Conclusions and Perspectives
Among several species of free-living amoebae, only members of the genus Acanthamoeba, Naegleria fowleri, Balamuthia mandrillaris and Sappinia diploidea are the opportunistic pathogens  mainly responsible for keratitis  and encephalitis . Moreover, FLA, including ‘Limax amoeba’, A. polyphaga, A. castellanii, Hartmanella vermiformis and Naegleria gruberi, with a composition comparable to that of inanimate environment of the individuals have been isolated from the human nasal mucosa . Hartmanella species have been also isolated from human throats . Among these FLA demonstrated to infect humans, Acanthamoeba spp. are known to host the facultative and obligate bacterial pathogens  Parachlamydiae , Salmonella typhimurium , Escherichia coli O157 , Francisella tularensis , Burkholderia pseudomallae , Coxiella burnetii , Helicobacter pylori , Legionella pneumophila , Chlamydia , Vibrio parahaemolyticus  as well as the fungus Cryptococcus neoformans . This review indicates that all mycobacteria known to be obligate or facultative human pathogens should be added to the growing list of amoeba-resistant bacteria . Such amoeba-resistant bacteria have been recovered from human nasal swabs using amoebal co-culture . One could therefore hypothesize that FLA may be vectors for mycobacteria and may facilitate their penetration into the host and facilitate their pathogenic role, as was suggested more the 30 years ago for M. leprae , with recent experimental confirmation . Indeed, intra-amoebal location has been demonstrated to exacerbate the virulence of M. avium  and to protect M. avium and M. xenopi against antibiotics and biocides [35,54]. Environmental and clinical studies are warranted to further test this hypothesis.
All co-authors report that they have no conflicts of interest relevant to this article.

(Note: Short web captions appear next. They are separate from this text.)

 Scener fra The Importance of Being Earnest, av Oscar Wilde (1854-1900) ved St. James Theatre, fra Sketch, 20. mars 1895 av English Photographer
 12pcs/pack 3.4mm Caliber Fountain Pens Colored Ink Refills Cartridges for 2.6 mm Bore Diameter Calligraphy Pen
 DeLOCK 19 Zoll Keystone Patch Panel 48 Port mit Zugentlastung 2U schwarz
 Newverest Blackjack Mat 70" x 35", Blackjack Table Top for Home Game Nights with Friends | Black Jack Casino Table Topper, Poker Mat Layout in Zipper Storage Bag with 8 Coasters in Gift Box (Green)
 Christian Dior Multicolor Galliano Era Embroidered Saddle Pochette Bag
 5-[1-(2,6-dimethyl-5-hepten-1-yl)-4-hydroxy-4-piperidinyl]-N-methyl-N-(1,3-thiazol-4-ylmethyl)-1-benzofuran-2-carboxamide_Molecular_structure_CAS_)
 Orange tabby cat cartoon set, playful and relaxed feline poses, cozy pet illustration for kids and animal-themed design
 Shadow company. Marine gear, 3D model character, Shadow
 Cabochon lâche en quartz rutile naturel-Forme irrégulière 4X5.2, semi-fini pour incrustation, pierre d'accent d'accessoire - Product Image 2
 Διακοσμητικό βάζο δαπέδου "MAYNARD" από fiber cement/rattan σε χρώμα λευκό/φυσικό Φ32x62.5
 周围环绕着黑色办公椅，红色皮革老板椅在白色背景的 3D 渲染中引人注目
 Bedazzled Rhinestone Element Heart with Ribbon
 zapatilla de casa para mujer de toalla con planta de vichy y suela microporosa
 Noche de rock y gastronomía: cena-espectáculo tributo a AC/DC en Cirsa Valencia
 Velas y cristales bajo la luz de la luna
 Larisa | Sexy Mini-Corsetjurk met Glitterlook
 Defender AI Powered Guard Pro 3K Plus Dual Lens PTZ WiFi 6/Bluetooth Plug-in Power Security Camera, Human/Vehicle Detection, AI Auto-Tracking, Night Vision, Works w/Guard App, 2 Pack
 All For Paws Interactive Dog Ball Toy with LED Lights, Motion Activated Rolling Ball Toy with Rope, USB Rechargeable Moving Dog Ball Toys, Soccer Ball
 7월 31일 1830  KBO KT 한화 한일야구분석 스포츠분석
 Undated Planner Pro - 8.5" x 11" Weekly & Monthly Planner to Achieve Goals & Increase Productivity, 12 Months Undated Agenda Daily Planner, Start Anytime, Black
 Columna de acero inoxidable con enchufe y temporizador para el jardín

Methods for Literature Review and Selection
We performed the bibliographic research in the PubMed database by using the following keywords: interaction between amoeba and Mycobacterium, amoeba and Mycobacterium coculture, association of Mycobacterium and amoeba, survival of mycobacteria in amoeba. We then selected English publications published in the period 1967–2009.